ファッションブランドの運営でも大忙しの駿河太郎さんだが、今後も出演作が立て続けに公開される予定だ。まずは8月2日(水)にテレビ東京ほかで放映されるドラマ「週末旅の極意~夫婦ってそんな簡単じゃないもの~」の第5話にゲスト出演する。同作は訳あり夫婦が旅を通じて関係を修復していく新感覚の旅ドラマで、主役の矢吹夫婦を演じるのは観月ありさと吉沢悠。二人とは旧知の間柄だが、仕事で一緒になるのは、はじめてなのだという。
「ありちゃん(観月ありさ)とは、20年近い付き合いで、いまは飲み友達。悠とは同じ年で一緒にサーフィンに行っていた時もあります。でも、仕事をするのは、はじめて。気心が知れているので、とても演技しやすかったですね。三人での芝居がほとんどなので、プライベートで関係性があったから、キャスティングされたのかもしれません。気恥ずかしさですか? ないですよ。お互いにキャリアもありますし、そういう壁はとっくに超えていますし、役者はそれが仕事ですから」
そう言って笑う。また、北条氏政を演じた大河ドラマ「どうする家康」の放送も控えている。
「大河ドラマへの出演は今回で5作目になりますが、演出家の方々がみんな年下だったことに驚きました。特に今回は途中からの参加になるので、打合せから他の演者さんがつくってきた空気を崩さないことが大切でした」
徳川家康を演じる、主演の松本潤さんとは対峙した時の距離など、細かい打ち合わせを重ね、セリフでは表現できない関係性や心情にも心を配ったという。また、11月3日(金)からは映画「おしょりん」が全国公開される。明治時代の福井県で、眼鏡の製造に命をかけた兄弟、そしてその妻の物語で、駿河さんは眼鏡職人のひとりを演じている。

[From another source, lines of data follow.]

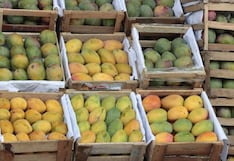 Joya Fruits apuesta por nuevos mercados, frutas y packing para crecer en 2026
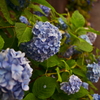 紫陽花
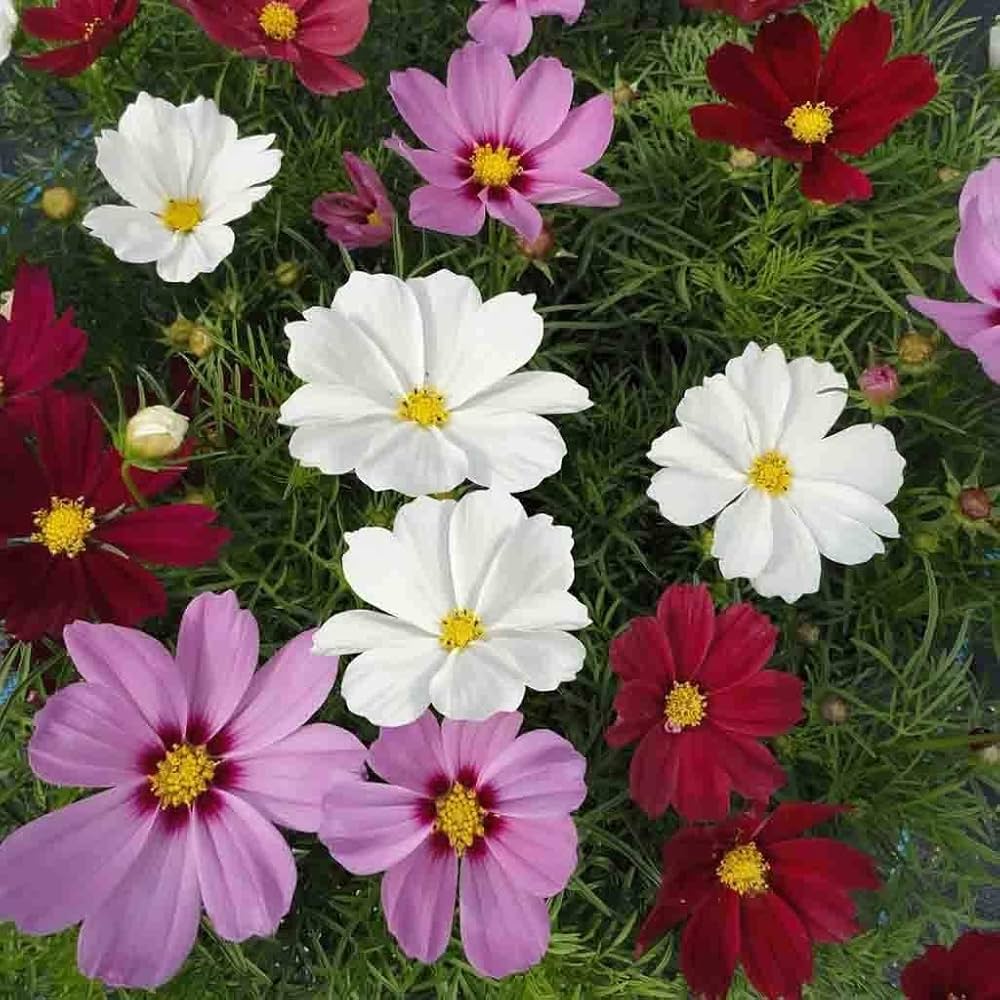 Cosmos Cosmos Bipinnatus Tall Candy Stripe Mixed Flower Seeds for Planting – Ideal for Home Garden and Wildflower Beds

「僕は職人の役だったので、眼鏡の製造に関する細かい所作を覚える必要があったのですが、地元の方々が撮影にとても協力的で、いろいろと助けてもらいました。そんな福井の方々との一体感が作品にも出ていたら、うれしいな」
キャリアを重ね、鍵を握る役を演じることも増えてきた駿河太郎さん。その活躍からまだまだ目が離せない。